Der einfachheitshalber können Sie auch eine Kopie der Datensätze direkt von den folgenden Links runterladen:




  1. Go to Layer ‣ Add Raster Layer and browse to the downloaded us.tmax_nohads_ll_{YYYYMMDD}_float.tif file and click Open.

  1. Once the layer is loaded, select the Identify tool and click anywhere on the layer. You will see the temperature value in celsius as the value or Band 1 at that location.

  1. Now unzip the downloaded file and extract the 2013_Gaz_ua_national.txt file on your disk. Go to Layer ‣ Add Delimited Text Layer.

  1. In the Create a Layer from Delimited Text File dialog, click Browse and open 2013_Gaz_ua_national.txt. Choose Tab under Custom delimiters. The point coordinates are in Latitude and Longitude, so select INTPTLONG as X field and INTPTLAT as Y field. Check the Use spatial index box and click OK.

  1. Now we are ready to extract the temperature values from the raster layer. Install the Point Sampling Tool plugin. See Verwenden von Erweiterungen for details on how to install plugins.

  1. Open the plugin dialog from Plugins ‣ Analyses ‣ Point sampling tool.

  1. In the Point Sampling Tool dialog, select 2013_Gaz_ua_national as the Layer containing sampling points. We must explicitely pick the fields from the input layer that we want in the output layer. Choose GEOID and NAME fields from the 2013_Gaz_ua_national layer. We can sample values from multiple raster band at once, but since our raster has only 1 band, choose the us.tmax_nohads_ll_{YYYYMMDD}_float: Band 1. Name the output vector layer as max_temparature_at_urban_locations.shp. Click the OK to start the sampling process. Click Close once the process finishes.

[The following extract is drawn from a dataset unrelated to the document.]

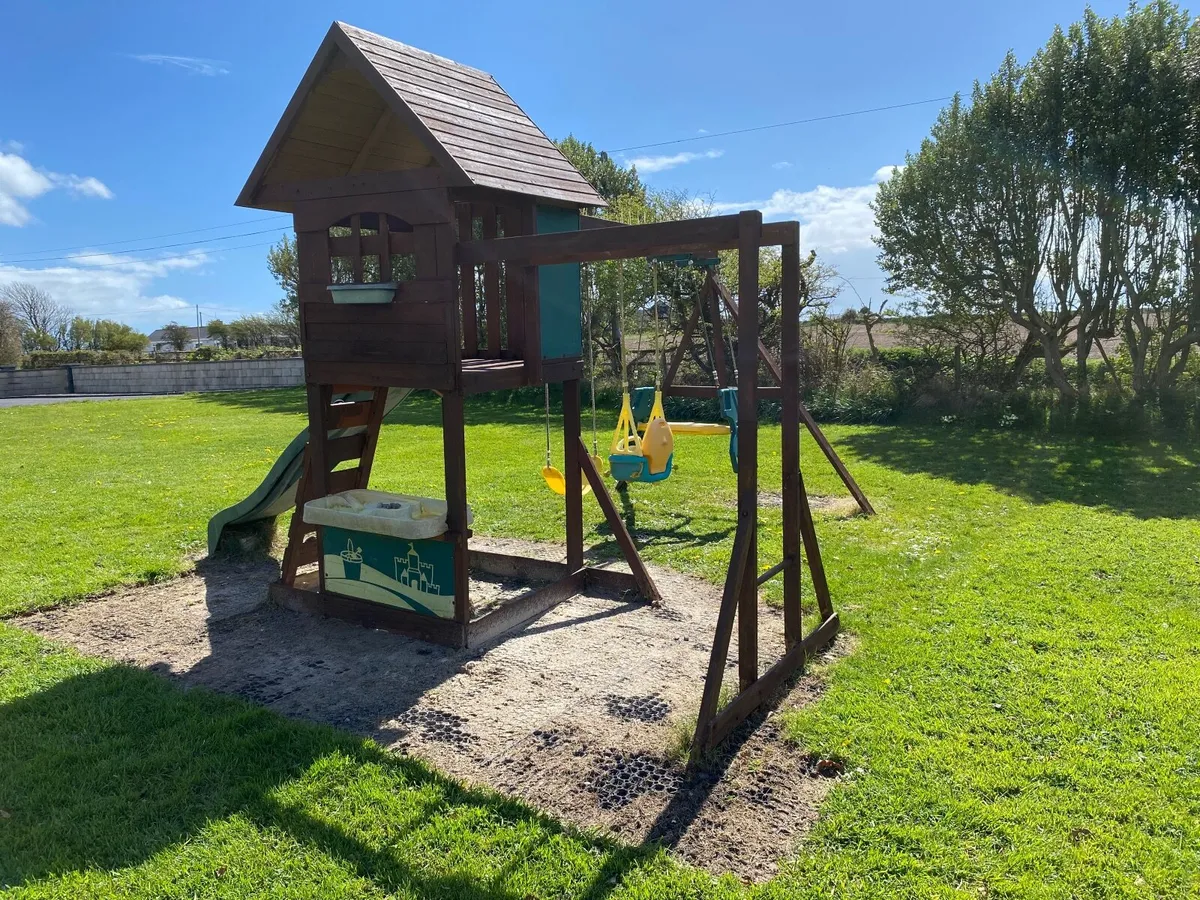 Play tower slide & swing set - Image 3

  1. You will see a new layer max_temparature_at_urban_locations loaded in QGIS. Use the Identify tool to click on any point to see the attributes. You will see the us.tmax_no field - which contains the raster pixel value at the location of the point.

  1. First part of our analysis is over. Let’s remove the unnecessary layers. Hold the Shift key and select max_temparature_at_urban_locations and 2013_Gaz_ua_national layers. Right-click and select Remove to remove them from QGIS TOC.

  1. Go to Layer ‣ Add Vector Layer. Browse to the downloaded file and click Open. Select the tl_2013_us_county.shp as the layer and click OK.

  1. The tl_2013_us_county will be added to QGIS. This layer is in EPSG:4269 NAD83 projection. This doesn’t match the projection of the raster layer. We will re-project this layer to EPSG:4326 WGS84 projection.

  1. Right-click the tl_2013_us_county layer and select Save As...

  1. In the Save Vector layer as.. dialog, click Browse and name the output file as counties.shp. Choose Selected CRS from the CRS dropdown menu. Click Browse and select WGS 84 as the CRS. Check the Add saved file to map and click OK.

  1. A new layer named counties will be add to QGIS.

  1. Enable the Zonal Statistics Plugins. This is a core plugin so it is already installed. See Verwenden von Erweiterungen to know to how enable core plugins.

  1. Go to Raster ‣ Zonal statistics ‣ Zonal statistics.

  1. Select us.tmax_nohads_ll_{YYYYMMDD}_float as the Raster layer and counties as the Polygon layer containing the zones. Enter ZS_ as the Output column prefix. Click OK.

  1. The analysis may take some time depending on the size of the dataset.

  1. Once the processing finishes, select the counties layer. Use the Identify tool and click on any county polygon. You will see three new attributes added to the layer: ZS_count, ZS_mean and ZS_sum. These attributes contain the count of raster pixels, mean of raster pixel values and sum of raster pixel values respectively. Since we are interested in average temperature, the ZS_mean field will be the one to use.

  1. Let’s style this layer to create a temperature map. Right-click the counties layer and select Properties.

  1. Switch to the Style tab. Choose Graduated style and select ZS_mean as the Column. Choose a Color Ramp and Mode of your chose. Click Classify to create the classes. Click OK. (See Einfache Vektor Gestaltung for more details on styling.)

  1. You will see the county polygons styled using average maximum temperature extracted from the raster grid.